* _Assigned task_:
Skip every picture, and output exactly the lines starting at the one with "Opel Astra J, 2013" and running through the last line of the material below.

* _Collected data_:
--- --- ---

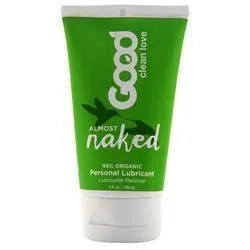 Good Clean Love, Почти голый - Личная смазка 4 жидких унции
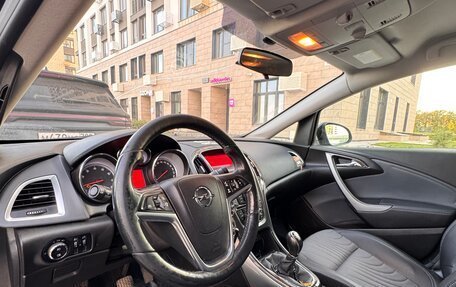 Opel Astra J, 2013 год, 900 000 рублей, 5 фотография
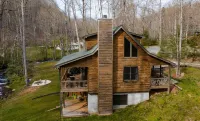 StayNantahala - Smoky Mountain Cabins - Lemmikkieläimet sallittu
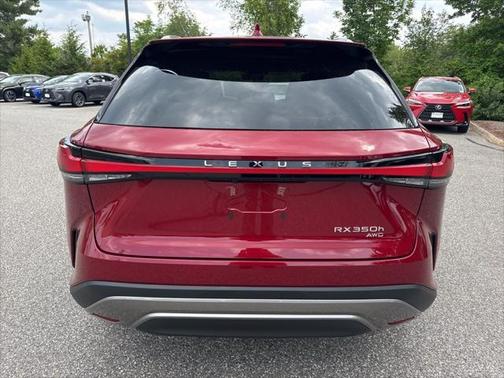 2025 Lexus RX 350 Base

--- --- ---

* _Your response_:
 Opel Astra J, 2013 год, 900 000 рублей, 5 фотография
 StayNantahala - Smoky Mountain Cabins - Lemmikkieläimet sallittu
 2025 Lexus RX 350 Base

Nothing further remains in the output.